**Task statement:**
Go to the line below that has "Lightweight 3M reflective", print it and each line after it exactly, and stop after the line that has "Fruit form of"; leave out pictures.

**Data for this task:**
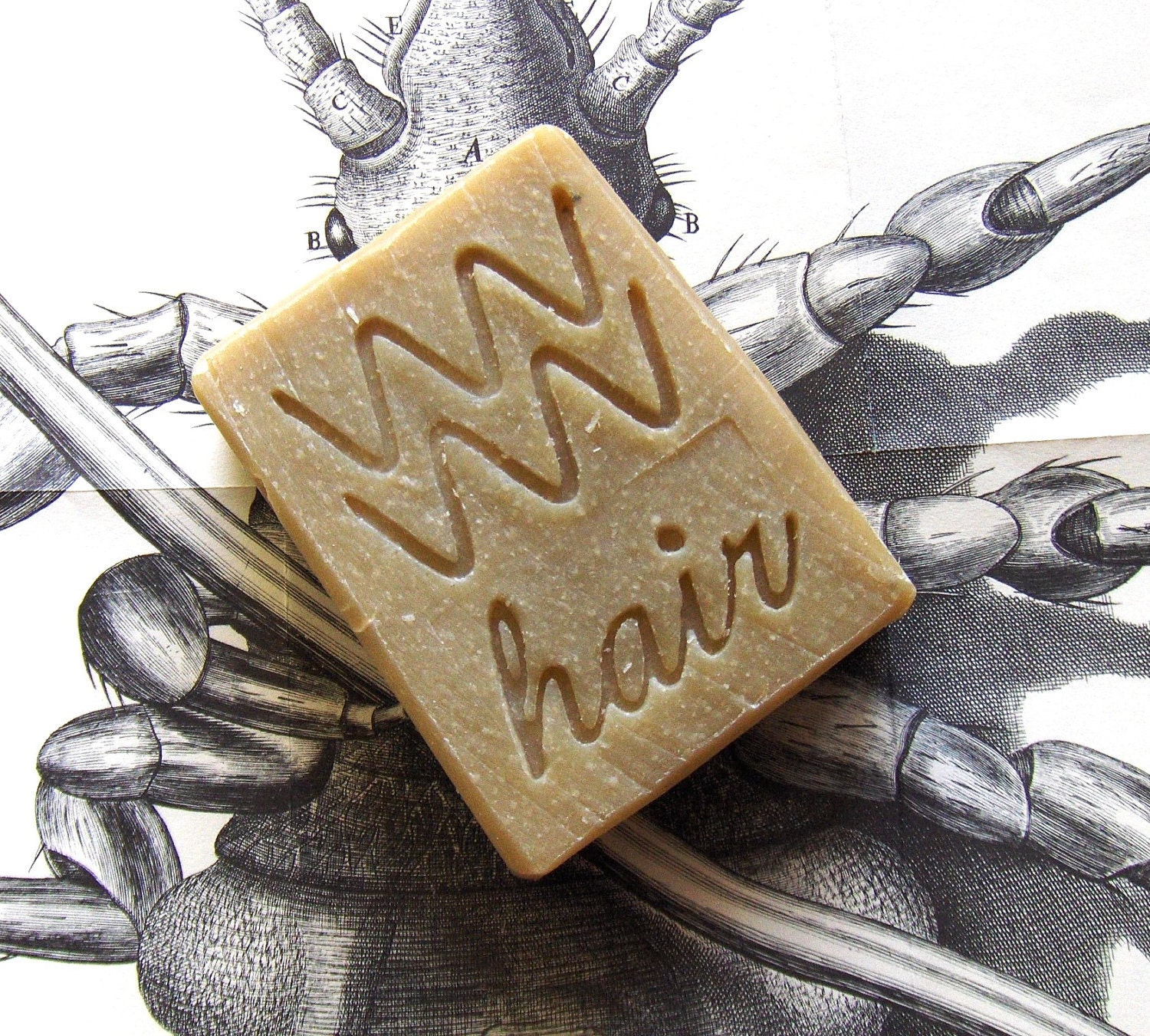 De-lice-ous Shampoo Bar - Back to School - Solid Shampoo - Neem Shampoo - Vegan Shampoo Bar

* * *

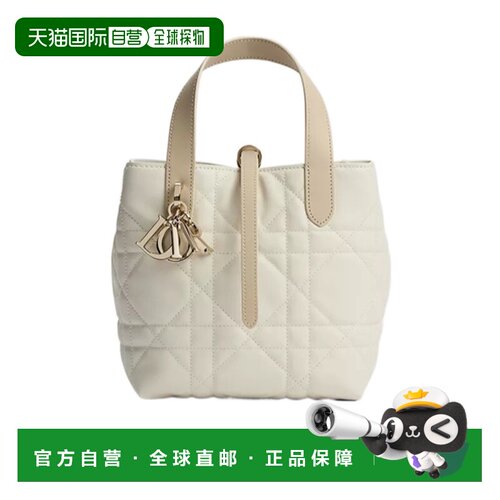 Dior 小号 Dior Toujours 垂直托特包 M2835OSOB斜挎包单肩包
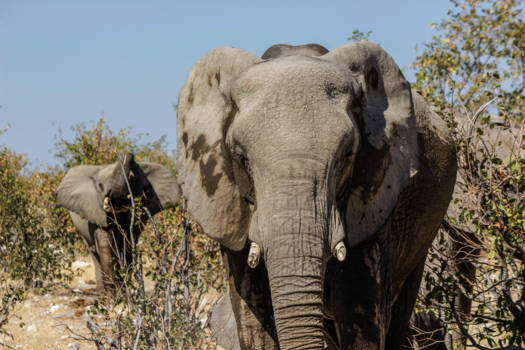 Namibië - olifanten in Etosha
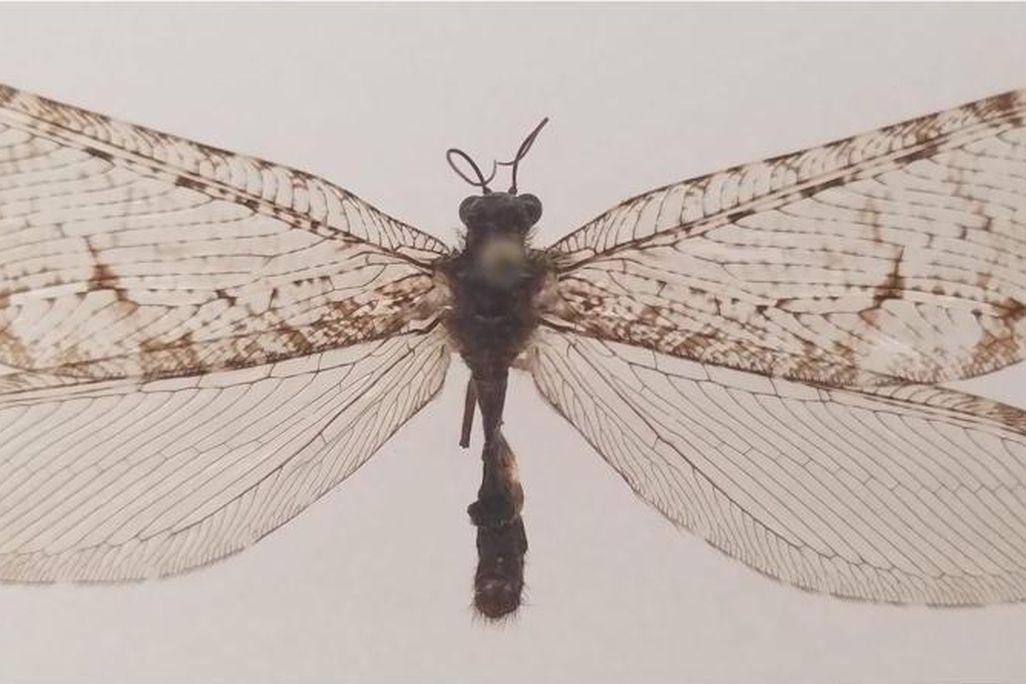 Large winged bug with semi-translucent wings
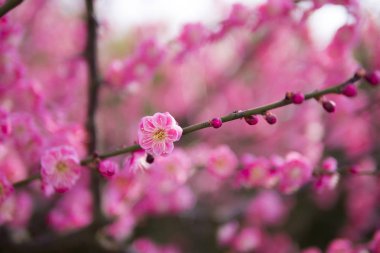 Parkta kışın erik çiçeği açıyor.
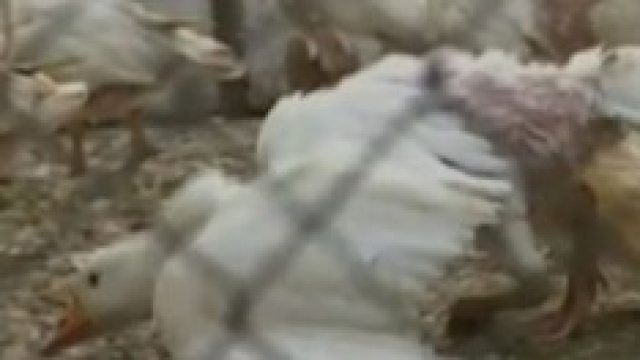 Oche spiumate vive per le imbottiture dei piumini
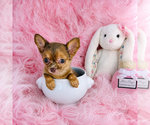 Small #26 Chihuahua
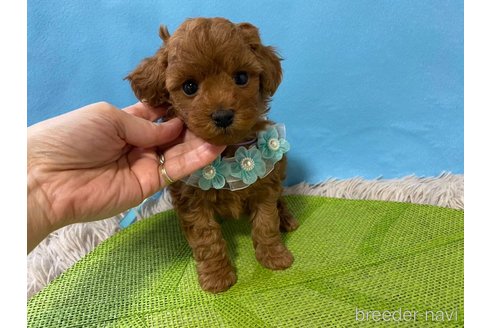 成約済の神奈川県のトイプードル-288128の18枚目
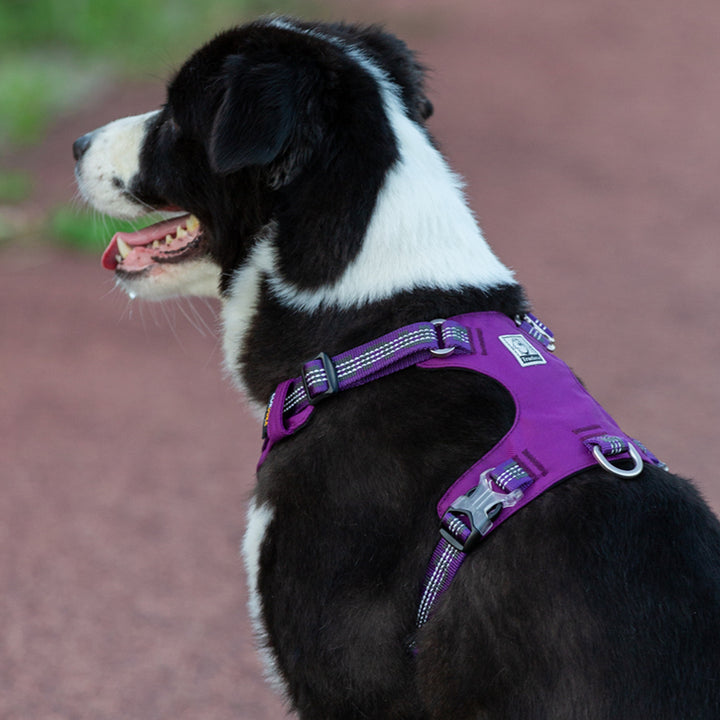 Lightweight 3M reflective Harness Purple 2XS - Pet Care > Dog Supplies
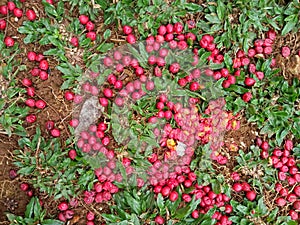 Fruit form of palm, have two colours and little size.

**Result of the exercise:**
 Lightweight 3M reflective Harness Purple 2XS - Pet Care > Dog Supplies
 Fruit form of palm, have two colours and little size.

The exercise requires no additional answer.